_YOUR ASSIGNMENT_. Beginning with the line that holds "Mitchell & Ness" and finishing with the line that holds "Arcteryx Sunna Crew Shirt LS Women's", repeat the listing exactly, leaving every picture out.

_SOURCE DATA_.
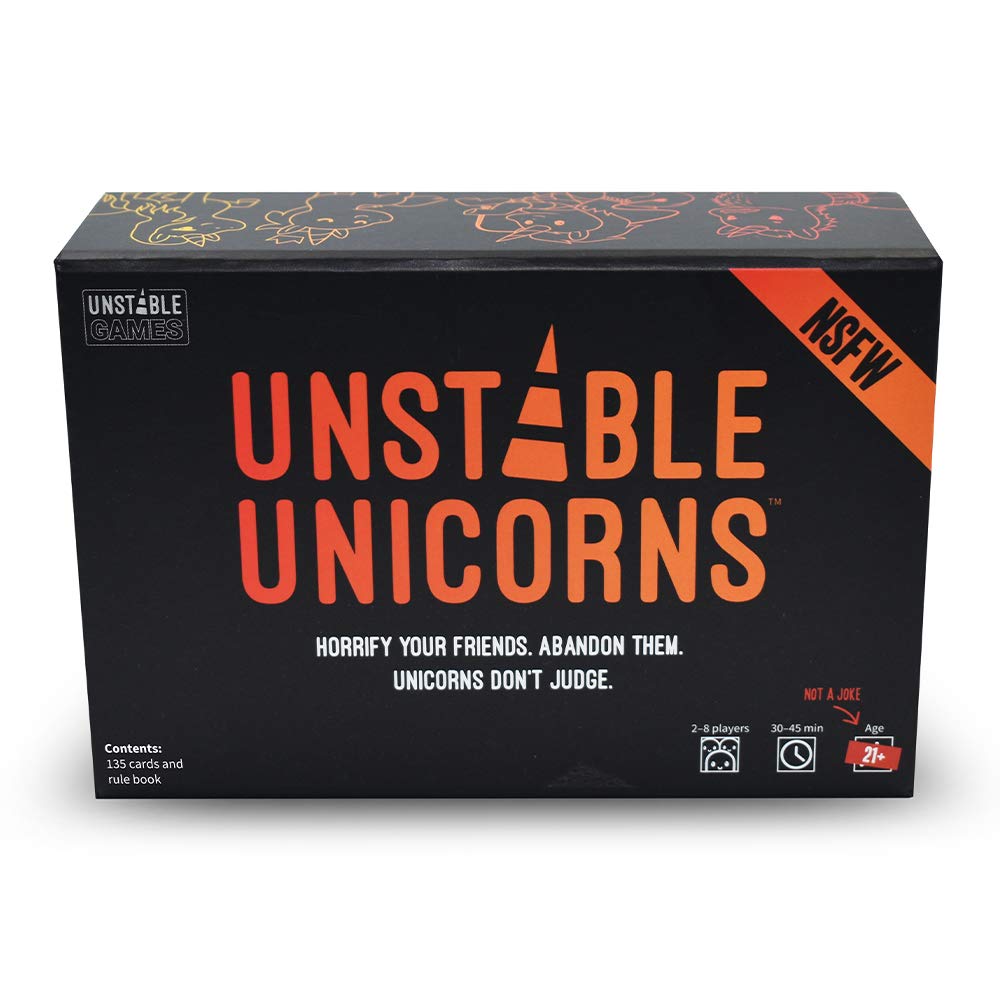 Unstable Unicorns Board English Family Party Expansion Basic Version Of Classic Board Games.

...

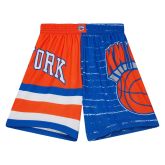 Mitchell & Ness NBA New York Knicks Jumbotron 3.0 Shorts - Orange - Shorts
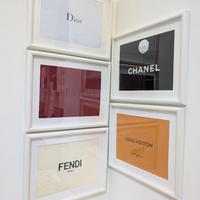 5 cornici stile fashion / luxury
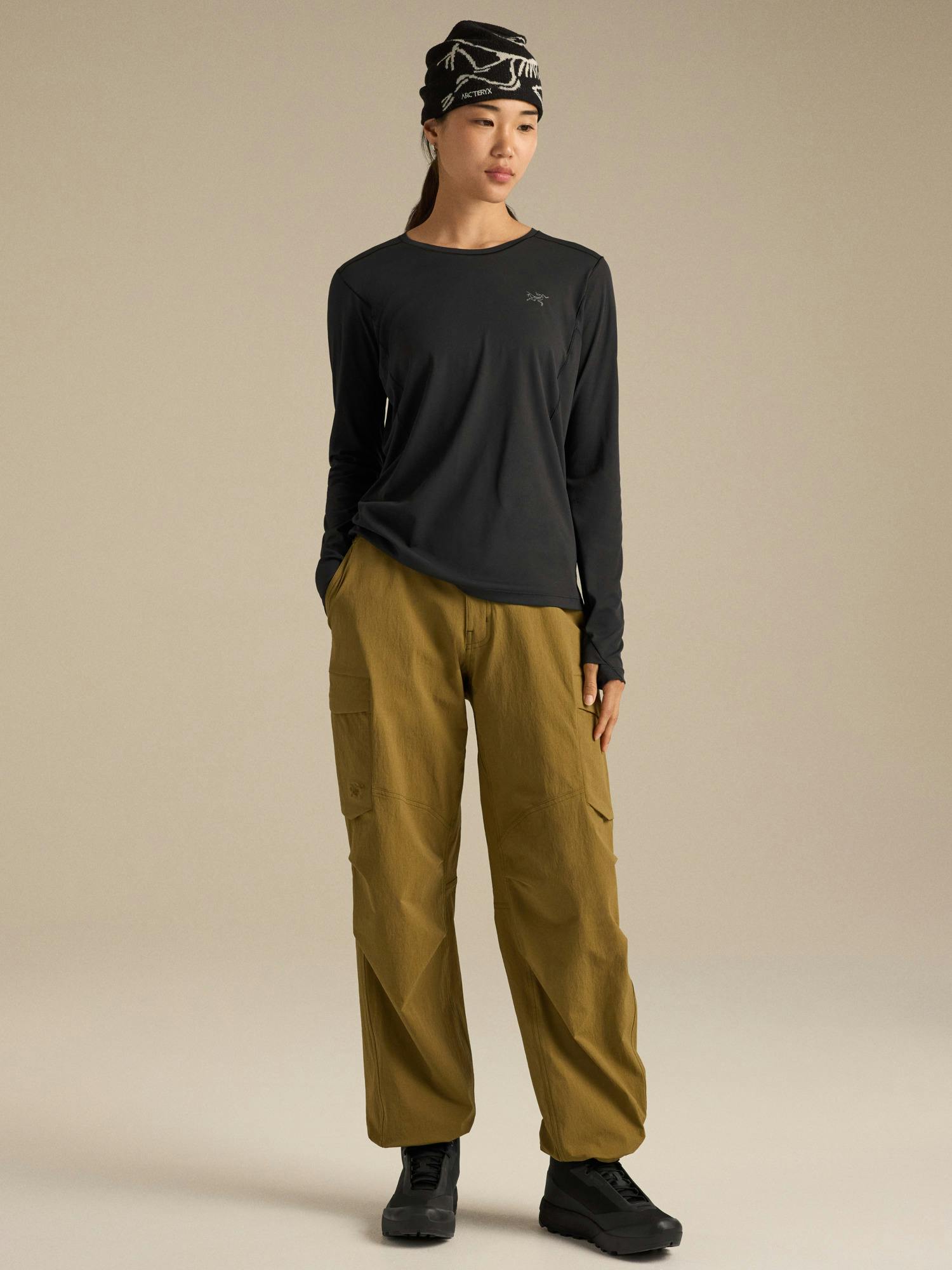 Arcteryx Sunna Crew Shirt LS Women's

_REPLY TO THE TASK_.
 Mitchell & Ness NBA New York Knicks Jumbotron 3.0 Shorts - Orange - Shorts
 5 cornici stile fashion / luxury
 Arcteryx Sunna Crew Shirt LS Women's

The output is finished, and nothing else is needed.